The most socially prevalent stories of the past several years are far from pragmatic. We find ourselves bewitched by wizardry and the living dead-vampires and zombies. We face immersion in dystopian societies where lives are wagered for sport and entertainment. In short, we seem spellbound by every world except our own.
Realists have their work cut out for them. With our culture’s predisposition for the sensational, realists face the challenge of finding a balance between entertainment and authenticity. Realist writers must pave a path allowing the reader a retreat from his own life without overburdening him with a fictional life too similar to his own.
Kyle Minor’s In the Devil’s Territory (Dzanc Books, 2008) gives a strong example. Minor expertly walks us down the sandpapery grit of life. In one story, a tortured old woman with dementia struggles against the demons of her youth. In another, a religious man bridles his homosexuality. Elsewhere, a woman escapes from communism by swimming across the Rhine with her family.
There’s no mistaking that Minor means In the Devil’s Territory as a realist text. Even so, the stories hold elements of the fantastic that sometimes create a barrier between the characters and their reader. How many of us will in fact risk our lives swimming a river to escape a communist regime? How many of us will actually spend decades in a fruitless marriage to resist homosexual urges? It’s not that these things don’t happen in the real world. They do…only not to most of us.
So then we get to Michael Nye’s Strategies Against Extinction, a book with a perfect epigraph. It’s an excerpt from a short story by Joyce Carol Oates (and also where the book gets its title.) Oates’ excerpt states her case: Any semblance of design or order to the world happens to be nothing more than a mirage, and as humans we face one hapless fate-to organize chaos.
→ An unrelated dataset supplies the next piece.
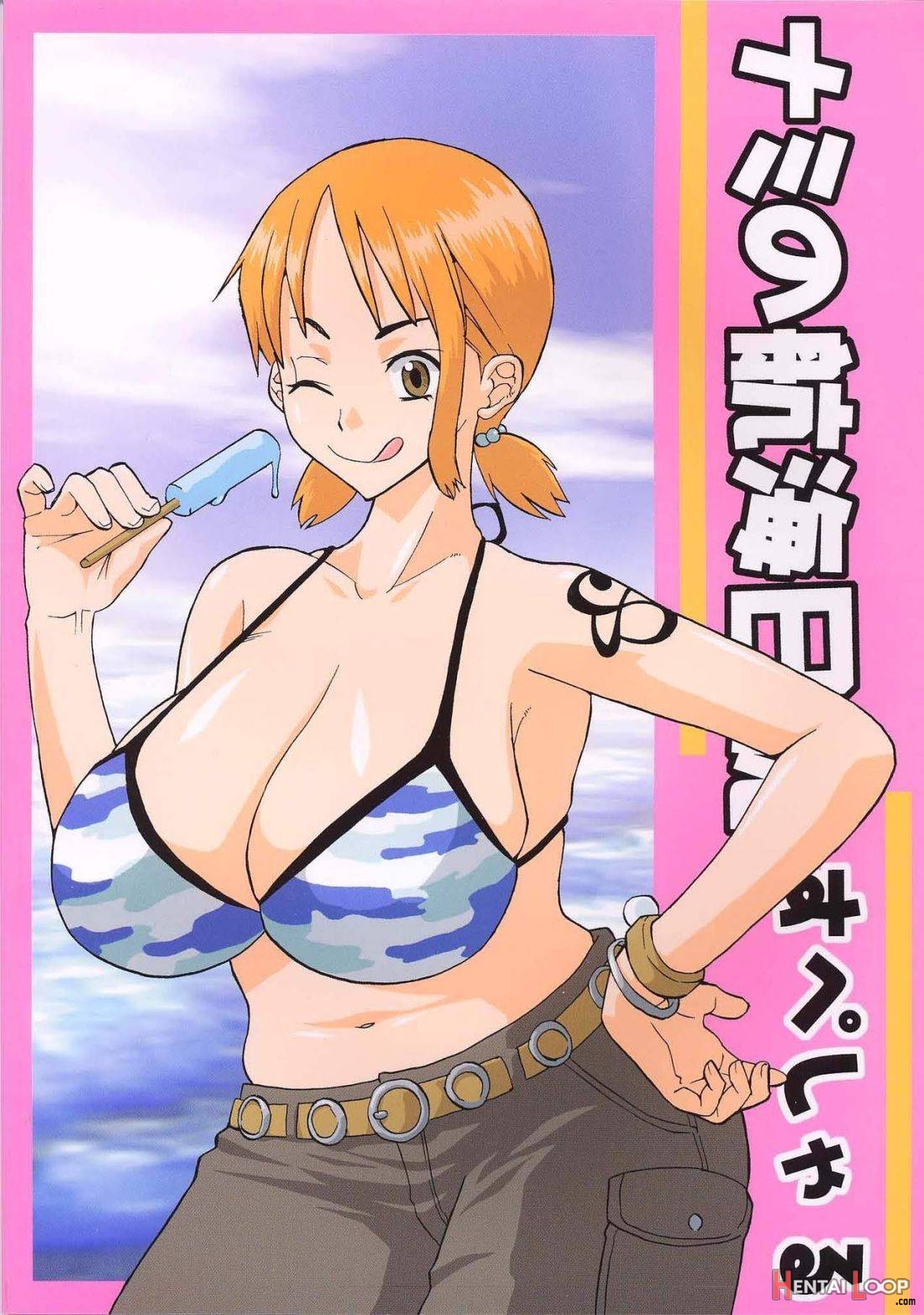 Nami no Koukai Nisshi Special page 34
The stories of Strategies Against Extinction do just that. The protagonists of Nye’s tales arrive disillusioned, bored, alienated. In short, they’re like most of us: living.
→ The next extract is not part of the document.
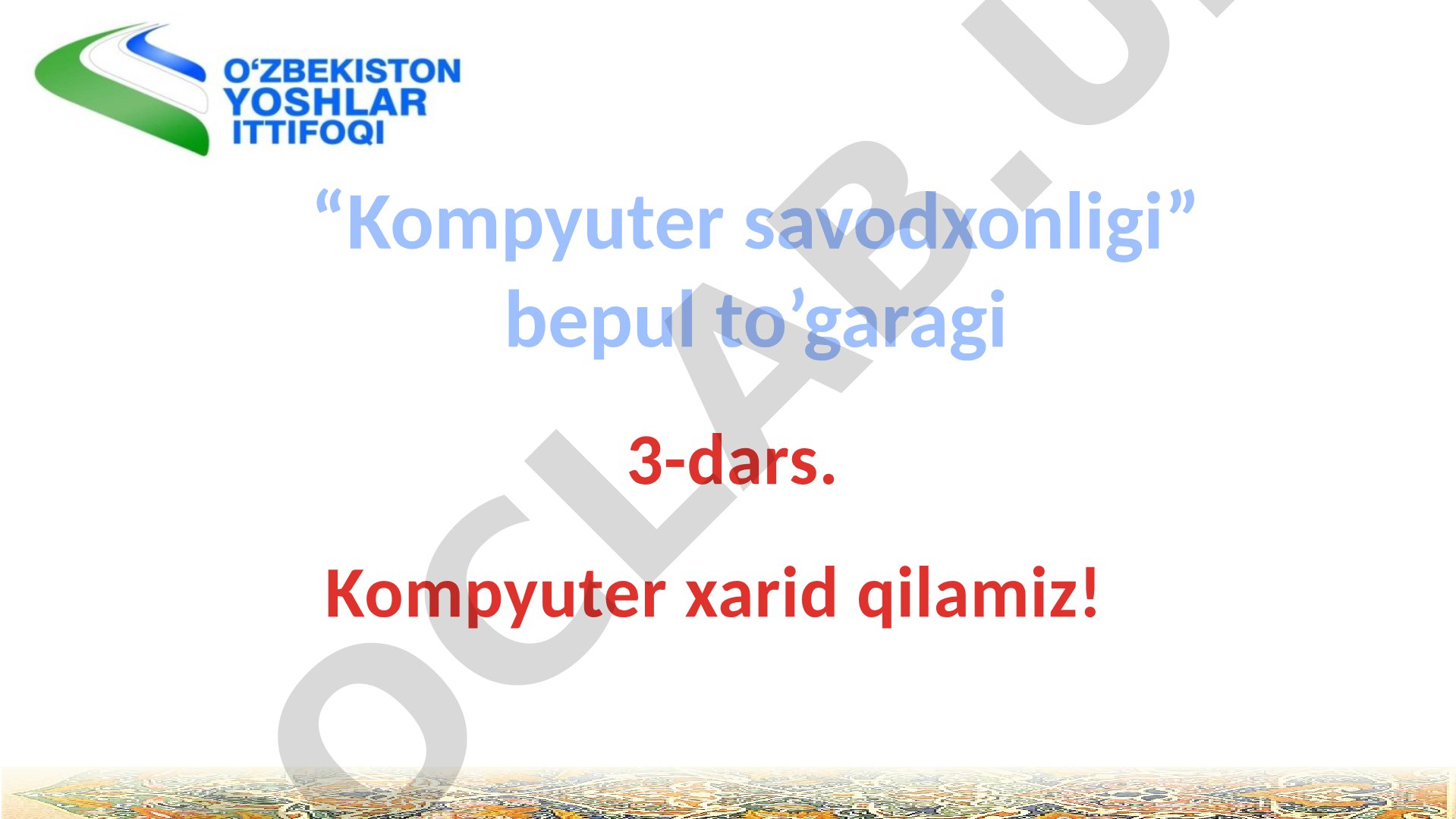 Kompyuter xarid qilamiz!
We recognize these plots: A man loses track of his daughter at the museum. A girl passes her final summer of college in her hometown with her mother. A man struggles with the distance between his sons as he faces his own mortality.
The first story of the collection, “The Re-Creationist,” removes the softened Kodachrome glow from a 1950s family portrait. Don works as the local baseball radio pundit for the Pirates … but his job is at risk. His estranged wife threatens divorce. His son grows up without him. In the crow’s nest of the booth, he turns to fantasy, at first by just exaggerating plays, then later fabricating incidents altogether. Don fancies himself a showman and finds safe harbor in illusions he creates.